In response to a racially offensive door-decorating contest, McCombs recently announced the hiring of an associate dean for Diversity and Inclusion, who will function as the chief diversity officer, CDO. The laudable goal of the CDO is to unite McComb’s myriad of diversity initiatives into one office.
This is not a novel approach. College hirings of CDO’s have been on the rise since 2016, but to ensure the CDO is successful, structural challenges in McCombs must be addressed. McCombs administration must increase transparency around, guarantee authority for and continuously support the incoming CDO.

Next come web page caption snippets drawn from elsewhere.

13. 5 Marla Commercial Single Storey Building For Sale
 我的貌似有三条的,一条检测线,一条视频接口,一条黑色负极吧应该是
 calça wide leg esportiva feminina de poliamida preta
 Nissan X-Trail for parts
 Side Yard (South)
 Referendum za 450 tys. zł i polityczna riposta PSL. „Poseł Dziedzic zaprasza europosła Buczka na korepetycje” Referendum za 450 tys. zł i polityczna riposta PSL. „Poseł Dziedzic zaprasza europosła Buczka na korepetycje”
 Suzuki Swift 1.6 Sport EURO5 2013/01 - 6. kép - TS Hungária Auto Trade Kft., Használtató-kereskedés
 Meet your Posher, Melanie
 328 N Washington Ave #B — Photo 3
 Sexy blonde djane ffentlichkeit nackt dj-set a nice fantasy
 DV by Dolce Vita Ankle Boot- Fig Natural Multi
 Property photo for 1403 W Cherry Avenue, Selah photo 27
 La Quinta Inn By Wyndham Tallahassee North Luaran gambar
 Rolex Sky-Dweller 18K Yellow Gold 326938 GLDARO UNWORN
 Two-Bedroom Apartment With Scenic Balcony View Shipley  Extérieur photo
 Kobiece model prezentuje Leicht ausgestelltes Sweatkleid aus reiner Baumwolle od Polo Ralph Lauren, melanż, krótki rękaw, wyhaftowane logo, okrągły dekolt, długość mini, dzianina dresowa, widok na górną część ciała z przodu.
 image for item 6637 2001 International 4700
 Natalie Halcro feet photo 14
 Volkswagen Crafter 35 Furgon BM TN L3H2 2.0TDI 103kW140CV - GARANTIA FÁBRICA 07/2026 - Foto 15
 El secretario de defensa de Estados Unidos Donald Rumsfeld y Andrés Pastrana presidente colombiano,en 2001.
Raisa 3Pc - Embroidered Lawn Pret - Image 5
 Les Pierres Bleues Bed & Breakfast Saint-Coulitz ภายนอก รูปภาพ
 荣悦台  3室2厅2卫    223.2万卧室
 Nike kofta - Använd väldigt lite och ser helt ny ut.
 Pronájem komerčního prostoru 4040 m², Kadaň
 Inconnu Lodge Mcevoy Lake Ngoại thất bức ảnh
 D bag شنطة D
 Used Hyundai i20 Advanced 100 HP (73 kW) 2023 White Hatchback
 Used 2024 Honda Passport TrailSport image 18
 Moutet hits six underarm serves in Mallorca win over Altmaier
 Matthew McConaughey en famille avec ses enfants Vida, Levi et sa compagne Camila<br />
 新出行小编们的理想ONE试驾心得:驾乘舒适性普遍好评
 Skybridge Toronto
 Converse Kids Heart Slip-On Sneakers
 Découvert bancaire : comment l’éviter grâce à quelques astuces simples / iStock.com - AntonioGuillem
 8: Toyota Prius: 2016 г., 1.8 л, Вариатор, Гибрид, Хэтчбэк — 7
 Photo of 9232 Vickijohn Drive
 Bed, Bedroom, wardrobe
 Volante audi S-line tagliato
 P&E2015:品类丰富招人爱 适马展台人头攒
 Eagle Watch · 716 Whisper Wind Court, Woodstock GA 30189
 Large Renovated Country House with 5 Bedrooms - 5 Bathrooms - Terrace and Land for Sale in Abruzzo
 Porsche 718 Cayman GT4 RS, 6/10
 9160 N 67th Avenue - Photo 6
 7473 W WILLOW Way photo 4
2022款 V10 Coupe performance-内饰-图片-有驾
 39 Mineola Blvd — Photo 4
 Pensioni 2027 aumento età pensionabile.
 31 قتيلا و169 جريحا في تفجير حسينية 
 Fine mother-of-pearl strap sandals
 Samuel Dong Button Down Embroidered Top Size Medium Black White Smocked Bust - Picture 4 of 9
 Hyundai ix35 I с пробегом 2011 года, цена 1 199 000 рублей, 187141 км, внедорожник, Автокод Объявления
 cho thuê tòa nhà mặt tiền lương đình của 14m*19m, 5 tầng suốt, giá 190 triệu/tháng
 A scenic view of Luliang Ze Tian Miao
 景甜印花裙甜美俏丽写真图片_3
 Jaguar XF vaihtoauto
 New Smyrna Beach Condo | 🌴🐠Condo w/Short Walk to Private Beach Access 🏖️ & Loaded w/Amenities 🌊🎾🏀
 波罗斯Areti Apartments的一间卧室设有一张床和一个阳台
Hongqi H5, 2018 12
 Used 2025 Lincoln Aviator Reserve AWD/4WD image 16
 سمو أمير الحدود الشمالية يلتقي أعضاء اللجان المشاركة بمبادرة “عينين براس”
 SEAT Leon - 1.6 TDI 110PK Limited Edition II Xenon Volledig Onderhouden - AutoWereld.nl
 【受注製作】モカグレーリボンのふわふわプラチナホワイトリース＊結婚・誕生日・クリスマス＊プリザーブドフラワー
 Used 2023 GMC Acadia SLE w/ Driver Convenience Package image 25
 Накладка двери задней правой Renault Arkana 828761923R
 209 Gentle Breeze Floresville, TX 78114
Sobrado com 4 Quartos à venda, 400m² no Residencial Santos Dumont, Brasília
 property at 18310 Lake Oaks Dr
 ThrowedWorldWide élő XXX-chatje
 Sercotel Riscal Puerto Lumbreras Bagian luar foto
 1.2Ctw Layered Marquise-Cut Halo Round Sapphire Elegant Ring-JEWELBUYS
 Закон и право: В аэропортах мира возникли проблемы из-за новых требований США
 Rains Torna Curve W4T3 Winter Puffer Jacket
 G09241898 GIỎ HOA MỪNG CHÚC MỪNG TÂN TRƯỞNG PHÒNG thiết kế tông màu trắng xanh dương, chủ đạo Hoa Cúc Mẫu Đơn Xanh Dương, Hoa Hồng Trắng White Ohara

Between the door-decorating incident two months ago and the announcement of an imminent CDO hire, McCombs administration remained completely silent about the steps it was taking. This closed-door attitude has to change for a CDO to be successful. The new CDO must be transparent to the student body. Equal access to information and open communication between students and administration is imperative for a diverse and inclusive environment.
Moreover, Dr. David Harrison, the McCombs representative on the University-wide Diversity and Inclusion Committee, mentioned the Committee made 22 recommendations to guide the creation of inclusive policies. This information is still held by McCombs administration and has not been made publicly available to students.
The new diversity officer must report directly to the dean. Anything else will come across as appeasement and runs the risk of restricting the capacity of a CDO to enact meaningful change. It is currently unclear how the CDO will function. Formally, the CDO will be known as the associate dean for Diversity and Inclusion. Placed beneath the deans of McCombs, this naturally creates a hierarchy that can provide direction for the new associate dean but has historically posed a restriction on their ability to operate.
To ensure the numerous voices of McCombs students are heard and acted upon, the administration must ensure this office has a clearly defined structure and deliberate purpose from the beginning. Then it must ensure safeguards are in place to protect continued support of the office.
CDOs are increasingly facing resource scarcity issues that limit their effectiveness. Fifty-three percent of CDOs say they have not been given adequate resources to perform their responsibilities. New CDOs are hired with an initial groundswell of support, but the role can deteriorate from a lack of access to leadership, funding and quality staff. Before the CDO’s tenure begins, administration must deliberately outline the goals of the new initiative. That way, the goals can be used to maintain the CDO’s status within the McCombs administration. Without a clear plan, the role of the CDO will be forever in flux and incapable of serving the needs of their students.
The incoming CDO must carve out an independent path for themselves distinct from administrative agendas, or else they risk jeopardizing their authenticity in the eyes of students. The business school has made great strides by introducing the McCombs Community Values to reinforce unity, but the CDO provides an ultimate test for McCombs’s ability to create a diverse environment.
Hasan is a finance and internation relations and global studies sophomore from Plano.